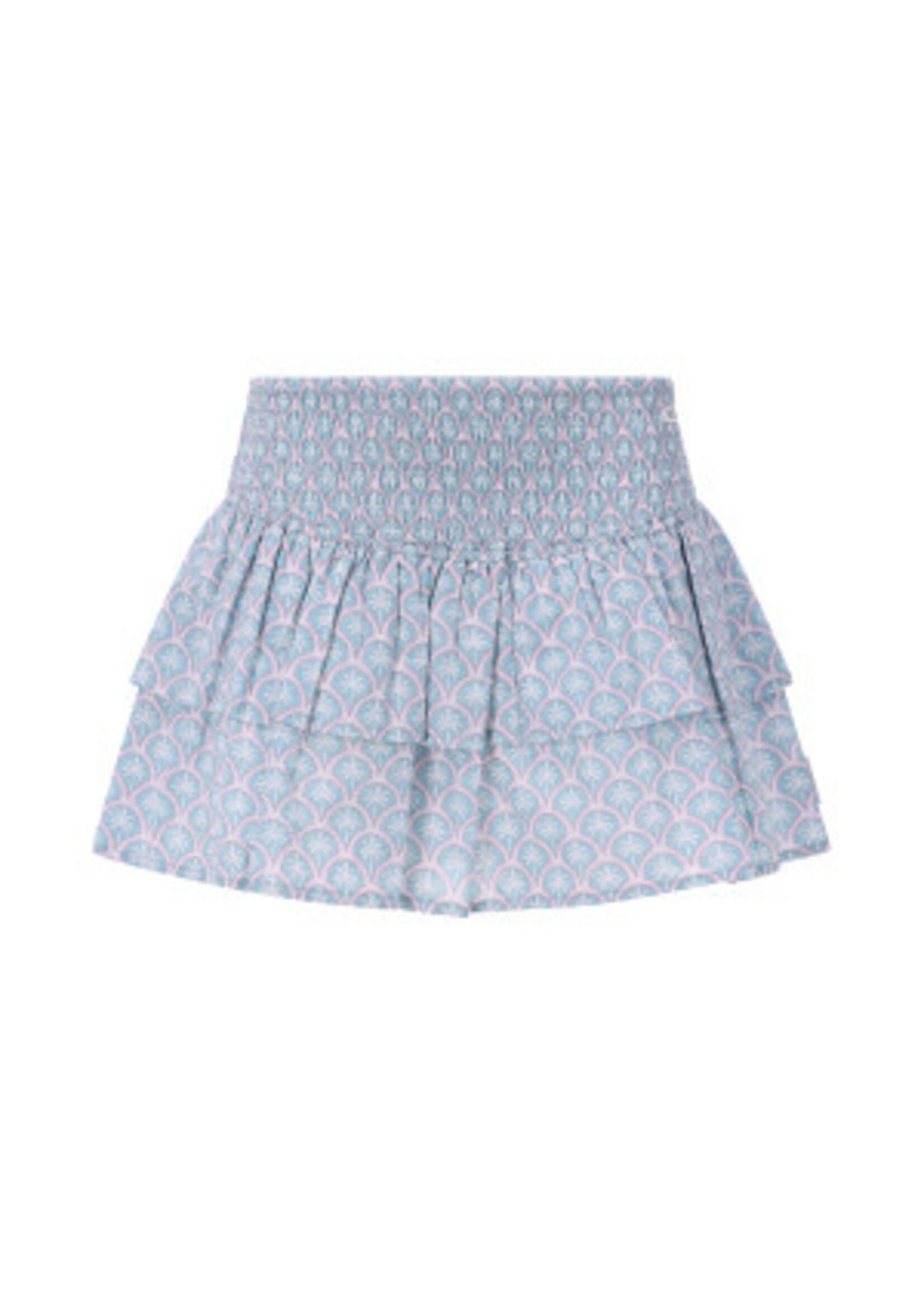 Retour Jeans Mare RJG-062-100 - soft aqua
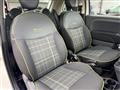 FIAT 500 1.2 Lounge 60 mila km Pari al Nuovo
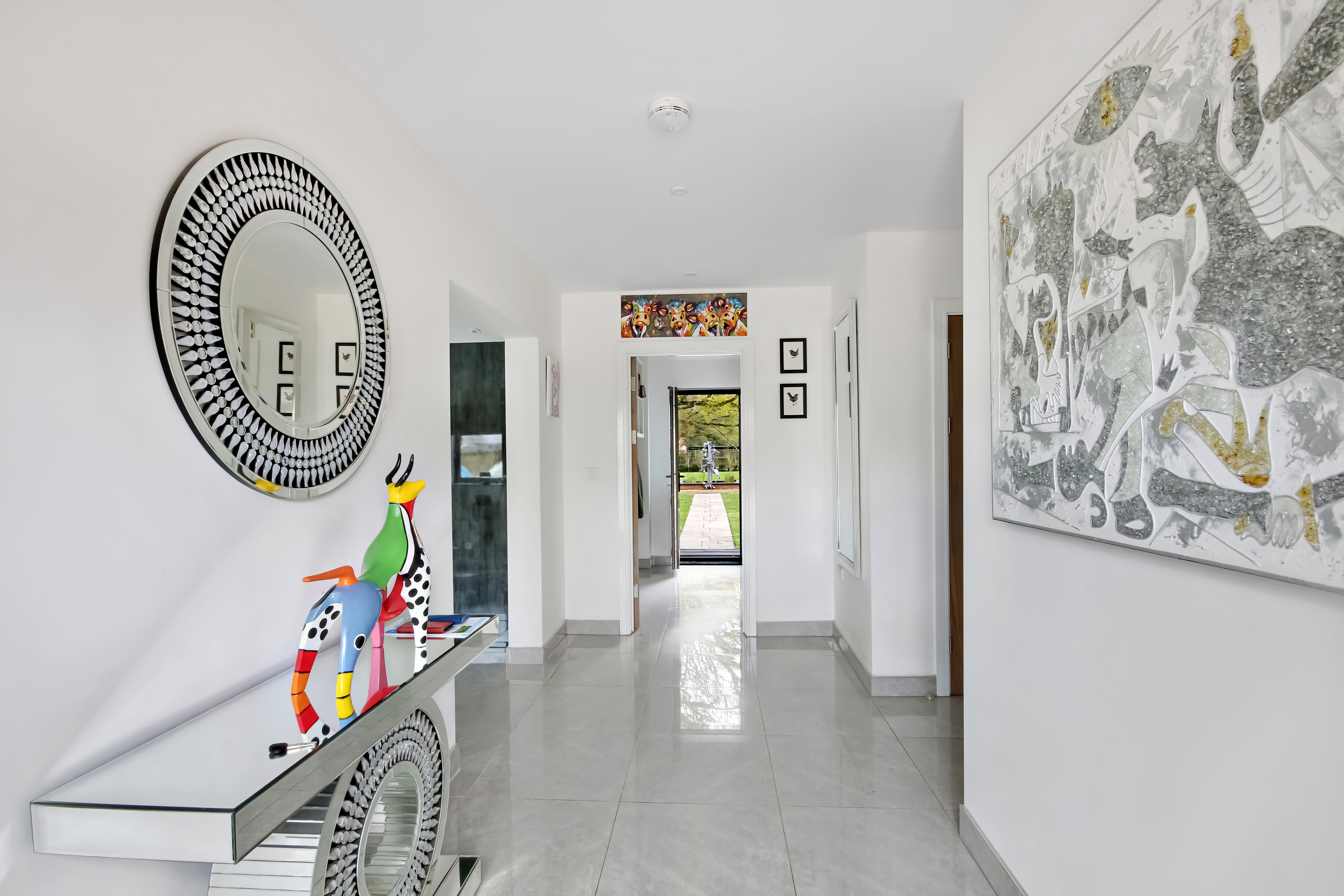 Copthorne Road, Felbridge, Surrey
======
**REQUIREMENT**
Before handing back the copy, remove the pictures; otherwise print the data exactly.

**TASK OUTPUT**
 Retour Jeans Mare RJG-062-100 - soft aqua
 FIAT 500 1.2 Lounge 60 mila km Pari al Nuovo
 Copthorne Road, Felbridge, Surrey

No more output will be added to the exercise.